■ **Input material**:
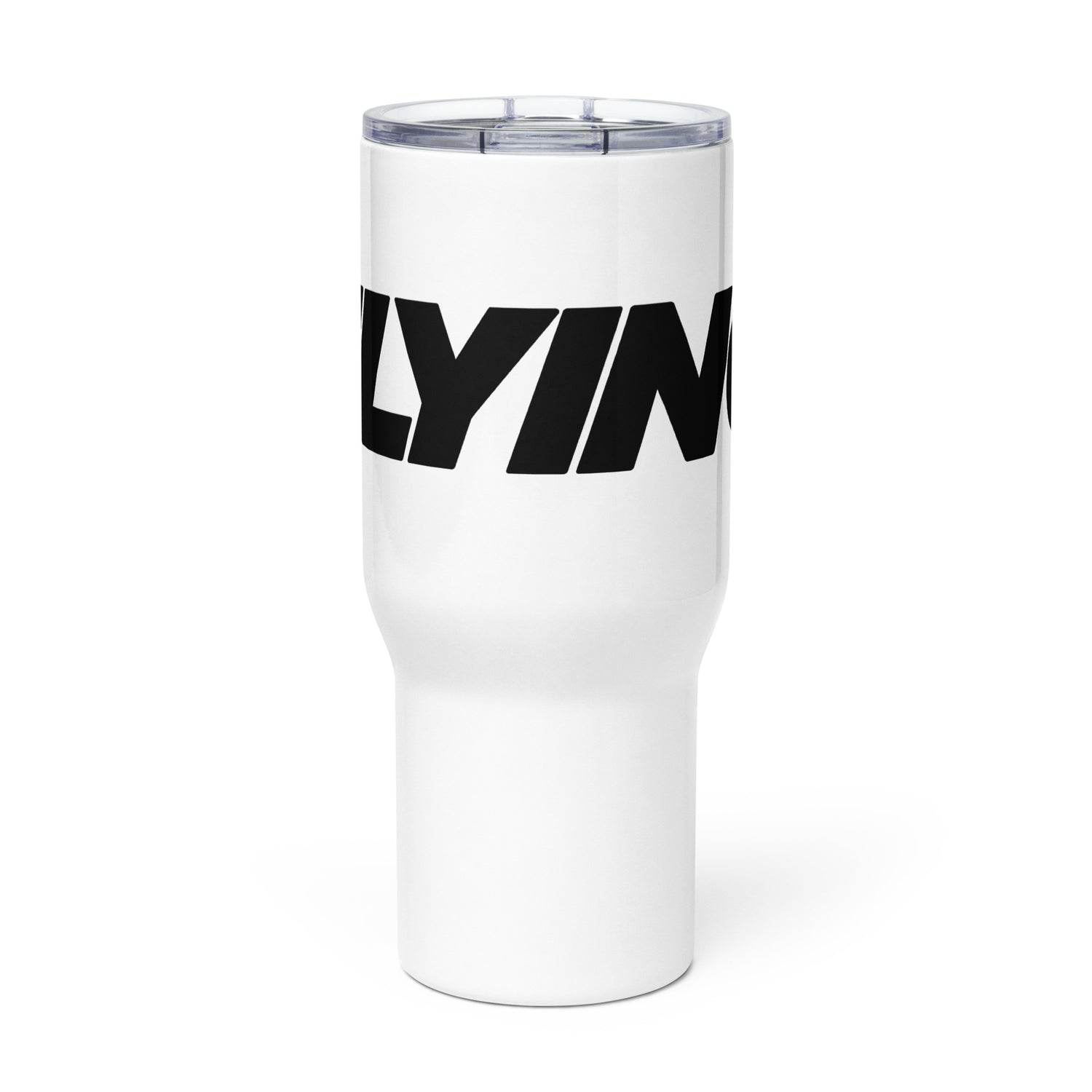 FLYING travel mug with a handle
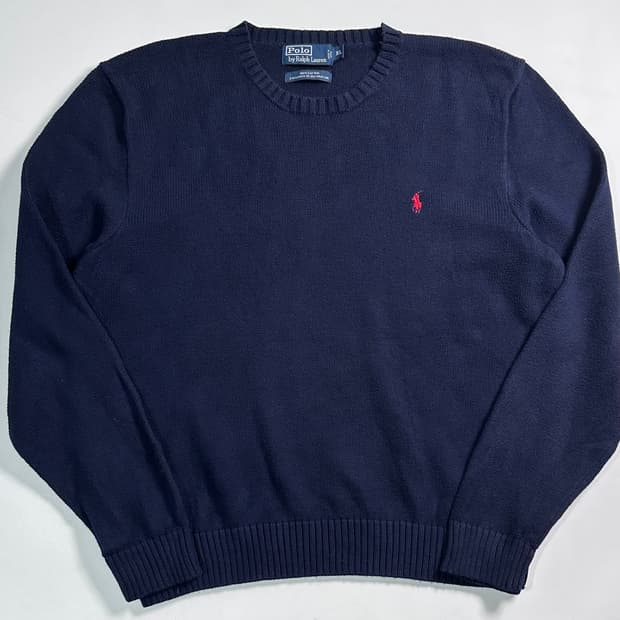 폴로 랄프로렌 네이비 코튼 니트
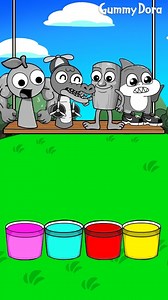 NEW Perfect Puzzle Challenge! - Jump into the correct color bucket | Sprunki x Brainrot 💕😵 #sprunki | Zippy Animation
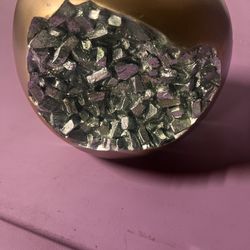 Gold Decorating Apple Shiney Inside 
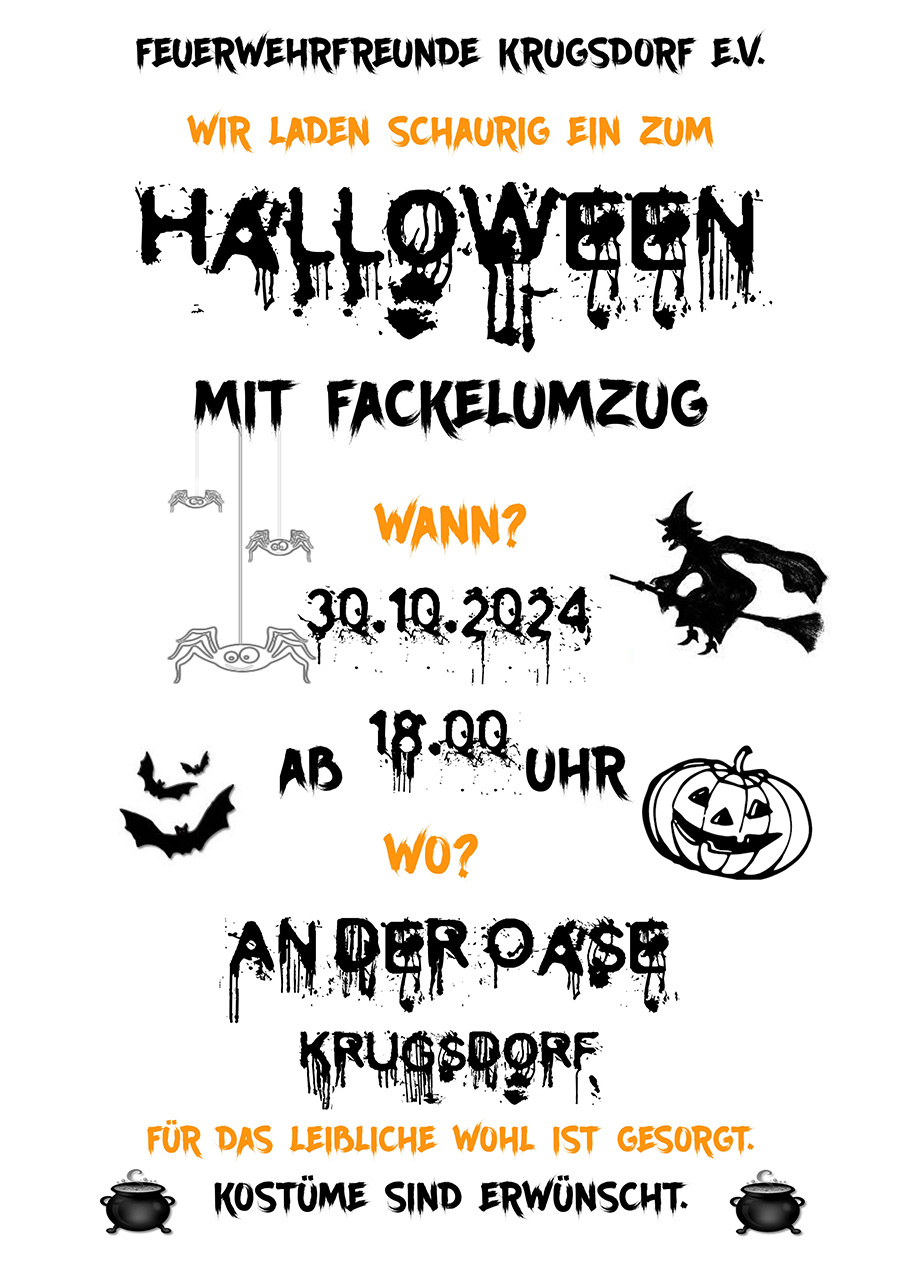 Bild für Halloween mit Fackelumzug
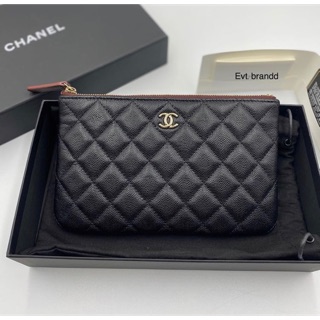 New chanel ocase caviar size 8 ใหญ่นะคะ HL29 black caviar light gold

■ **Exercise goal**: Please reproduce every record exactly as written, excluding the pictures.

■ **Response for this exercise**:
 FLYING travel mug with a handle
 폴로 랄프로렌 네이비 코튼 니트
 NEW Perfect Puzzle Challenge! - Jump into the correct color bucket | Sprunki x Brainrot 💕😵 #sprunki | Zippy Animation
 Gold Decorating Apple Shiney Inside 
 Bild für Halloween mit Fackelumzug
 New chanel ocase caviar size 8 ใหญ่นะคะ HL29 black caviar light gold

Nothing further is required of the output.